Michael Lanyon's Blog Notes and thoughts from LanyonM

Web Performance Monitoring - DevOpsDays MSP 2015


I initially intended to speak about how we use configuration management to automate our real user measurement (RUM), but as I was putting together my talk I discovered that the real insight was how the same tools can be used to facilitate the front-end developer’s relationship with prod.

I opened the Ignite by speaking about the lack of operational visibility into the end user’s experience and how our initial attempt to close this gap was to use the Navigation Timing data. We use a Golang program called http-stats-collector to collect NavTiming data as well as javascript errors and CSP reports. Looking at the data after it was processed by our monitoring pipeline, we saw that the real insight was how javascript errors could tell the story of the end user’s experience - something NavTiming data did not do for us.

I concluded the talk with a sampling of the systems and templates we have in place to facilitate the collection of data. While this understanding of the end user experience is valuable, the data collection and visualization needs to be turn-key for it to be used across our organization.



All photo credits including those in the og:metadata go to Bridget Kromhout or DevOpsDays Minneapolis 2015.

Here’s a transcript of the talk:

  1. Hi, my name is Mike Lanyon, and I work at a digital ad agency called Critical Mass. I would like to talk about web performance monitoring. In DevOps we often talk about monitoring of the systems that provide experiences, but not the monitoring of the end user’s experience itself.
  2. Critical Mass is a digital experience design agency. That means that we put the customer at the center of our process, through strategy, design, technology and analytics. We want to use our influence with clients to make their customers’ lives better.
  3. More specifically than web performance, I’d like to talk about a front end developer’s relationship to prod. In years past this relationship may have been through an FTP client, but no-matter the technology there was a gap in operational visibility.
  4. The front-end developer’s preparation for production has gotten quite robust. Run sass, concat & minify js. Maybe there’s a CDN, but then it gets a bit fuzzier… Where is the operational visibility in this?
  5. WebPage test is a tool our teams use to quantify the end user’s experience.
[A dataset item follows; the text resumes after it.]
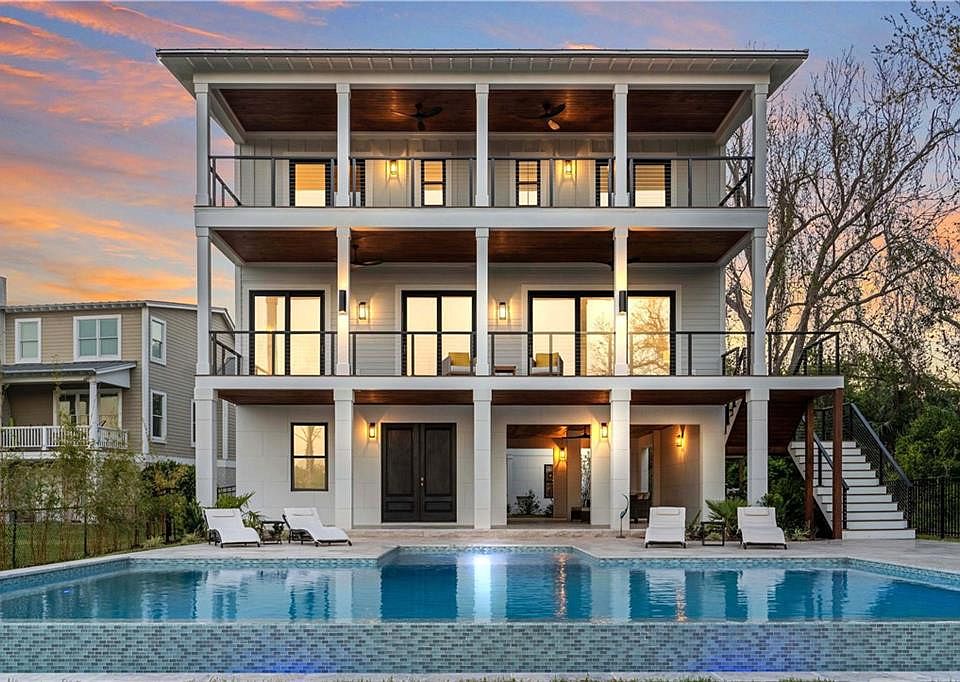 1st image of 134 Compass Point Dr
This chart shows the composite Speed Index of one of our web pages. The Index is the integral of the space above the charted lines, which represent the perceived completion of the page load.
  6. But still there is no operational visibility. There’s no way for a web developer on my team to understand the performance of a user currently visiting our site. There’s nothing analogous to the app log with a stack trace detailing the user’s crummy experience.
  7. RUM - real user monitoring. This is something that began to pop up a few years ago. This is different than synthetic monitoring because you’re collecting data from the experience of real users.
  8. Navigation Timing API is one of the most well established means to collecting the real user’s performance. There are several solutions that will capture this information for you like Google analytics or NewRelic.
  9. Golang. I toyed around with Go a couple years ago, and didn’t really understand how it could be useful to me at the time - but it’s reputation for being fast seemed like a good fit for collecting RUM performance data.
  10. I created https-stats-collector. Inspired by a GDSTeam project called event-store that saves content security policy reports. I don’t really want to focus much on the Golang code here - only to highlight that it’s open source and would love to have some feedback on the project.
  11. There are three primary routes offered by the application: nav-timing, js-error, and csp-report. In addition to nav-timing, I’ll talk about js-errors, which is fed by a global javascript error and logs the errors experienced by users.
  12. As you can see, after nav-timing data is processed by our monitoring pipeline we’re able to create pretty, squiggly line graphs. I really enjoy these, and I think they’re great, but they don’t help tell the end user’s story.
  13. This is screencap of Kibana showing the errors captured by the js-errors handler and processed by our ELK stack. When one of the senior developers first saw this, he pointed to a cluster of errors experienced by a single user and said, “I wonder what the story is there”.
  14. We have found that while nav-timing data is really cool, javascript error reporting is the game changer. It gave the teams a level of traceability they’d never had before and equated to a front-end version of the app log.
  15. This capability is really valuable, but it has to be operationalized and become part of the default path or path of least resistance.
  16. We use Chef to put all the bits in place, http-stats-collector, statsd, logstash, elasticsearch, influxdb, kibana, grafana, etc. Configuration management also helps us standardize and scale the implementation.
  17. Sample implementations that are framework agnostic help the client/product teams adopt the pattern and integrate it into their work.
  18. We have gone so far as to make these RUM collection tools part of our standard stack. In this example a team asked for a simple webserver, and they got the webserver - but packed with all the data collection bits pre-installed.
  19. If you take anything from this talk, please consider how to help create the connection between your technology teams and your users. Give your teams the tools to make this connection with prod - to form this relationship with the individual end user.
  20. Thank you